◆ Work task
Copy the data below exactly, omitting any picture it contains.

◆ Data
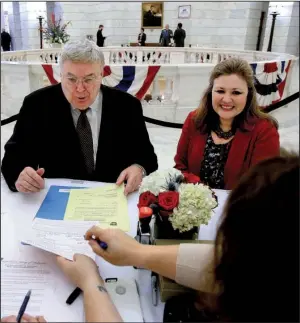  ?? Arkansas Democrat- Gazette/ STATON BREIDENTHA­L ?? Little Rock businessma­n Curtis Coleman with his wife, Kathryn, fi les Monday at the state Capitol to run as a Republican for the U. S. Senate. Coleman will challenge incumbent Sen. John Boozman, R- Ark., in the primary.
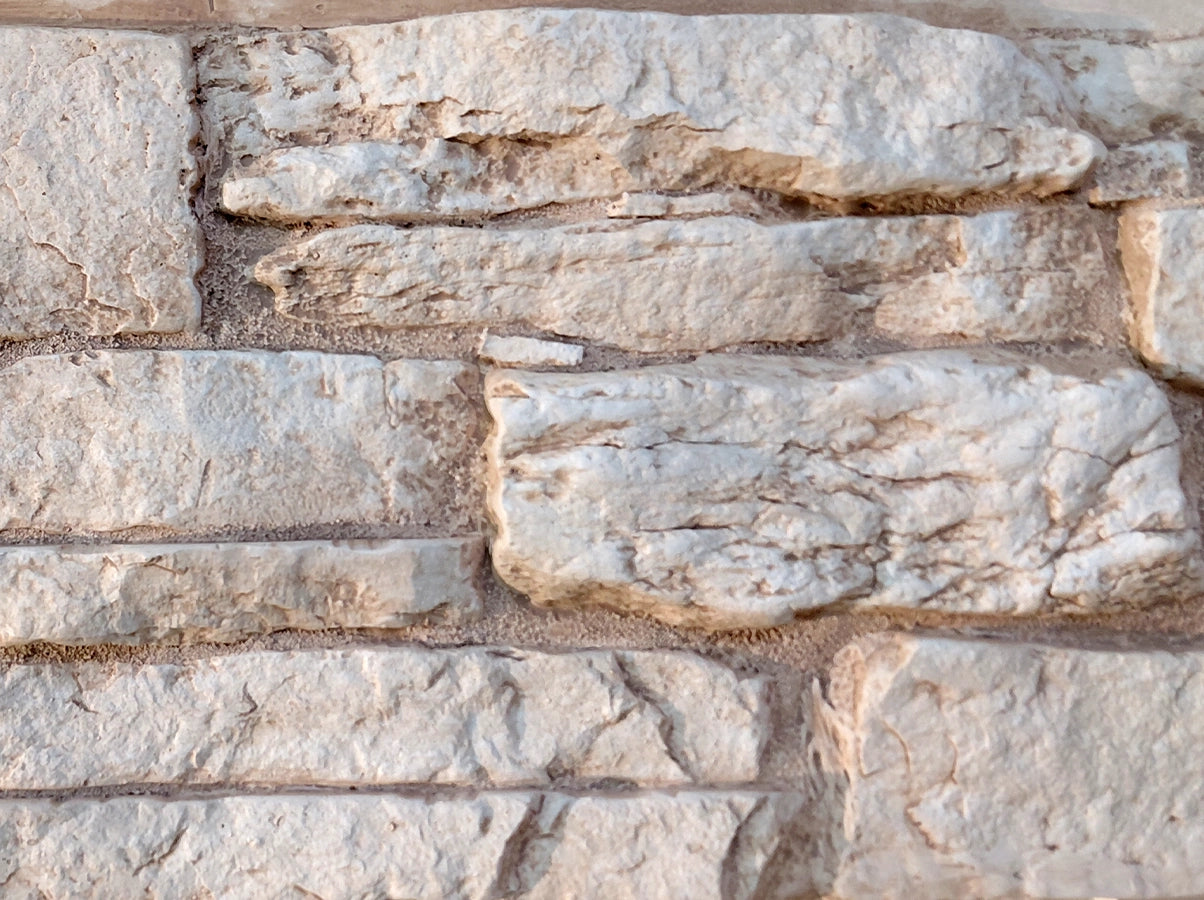 Close-up of a stone wall with varying stone sizes and colors.
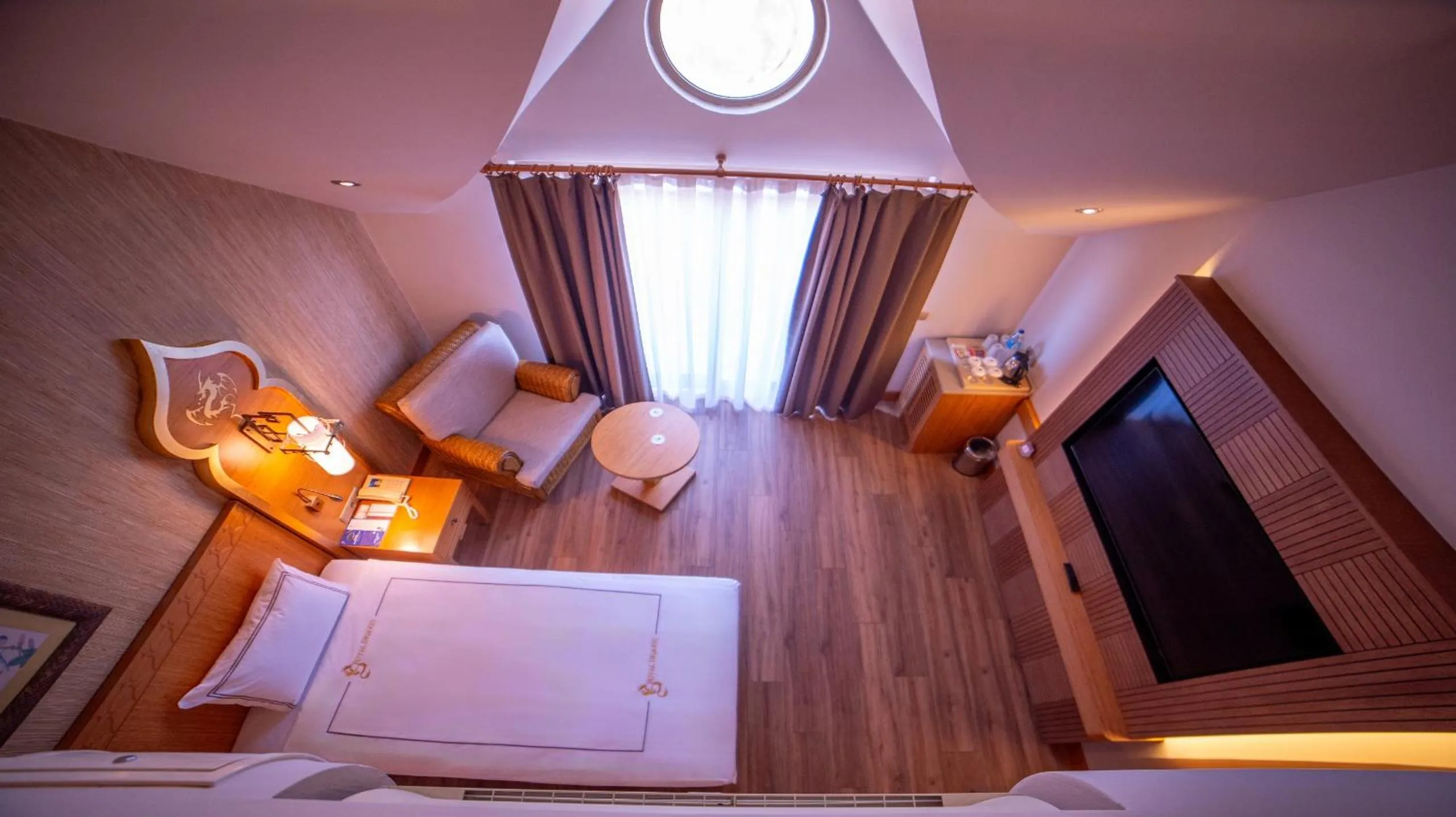 Bedroom, Bed in Royal Dragon Hotel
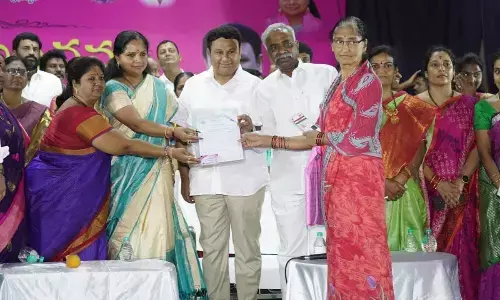 MLC Kavitha and MLA Bigala Ganesh Gupta participating in Aasara pensions distribution programme in Nizamabad on Wednesday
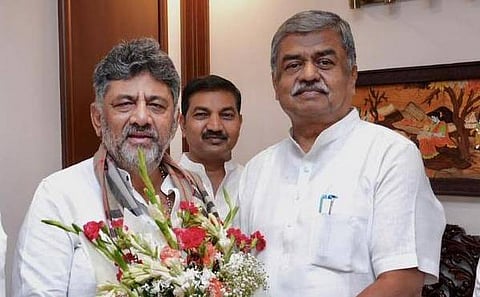 Congress leader BK Hariprasad greets CM-designate DK Shivakumar in New Delhi on Monday.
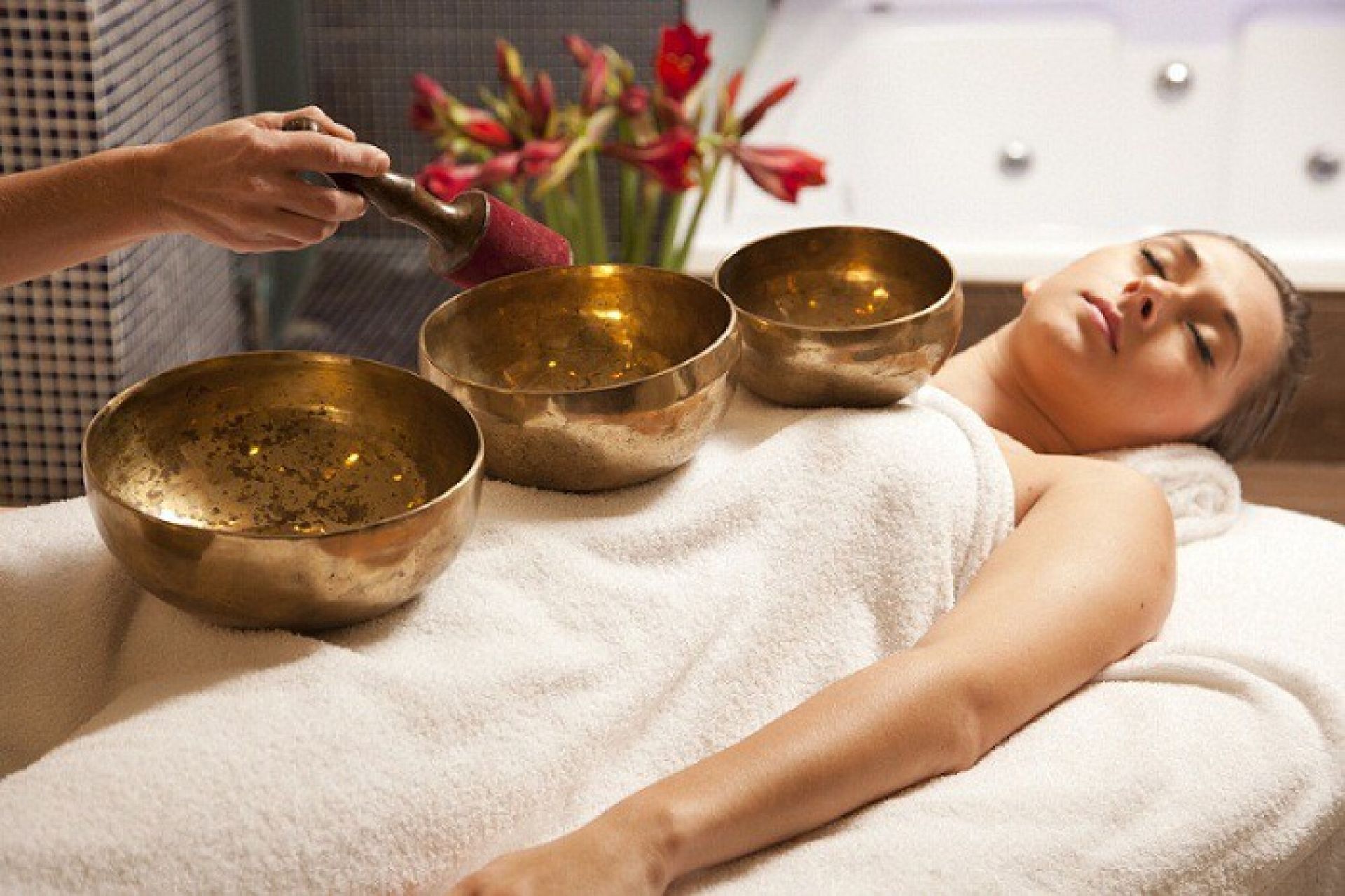 Assortment of culinary herbs and spices arranged in a circle, including cinnamon, ginger, turmeric, and rosemary, with a mortar and pestle.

◆ Result
  ?? Arkansas Democrat- Gazette/ STATON BREIDENTHA­L ?? Little Rock businessma­n Curtis Coleman with his wife, Kathryn, fi les Monday at the state Capitol to run as a Republican for the U. S. Senate. Coleman will challenge incumbent Sen. John Boozman, R- Ark., in the primary.
 Close-up of a stone wall with varying stone sizes and colors.
 Bedroom, Bed in Royal Dragon Hotel
 MLC Kavitha and MLA Bigala Ganesh Gupta participating in Aasara pensions distribution programme in Nizamabad on Wednesday
 Congress leader BK Hariprasad greets CM-designate DK Shivakumar in New Delhi on Monday.
 Assortment of culinary herbs and spices arranged in a circle, including cinnamon, ginger, turmeric, and rosemary, with a mortar and pestle.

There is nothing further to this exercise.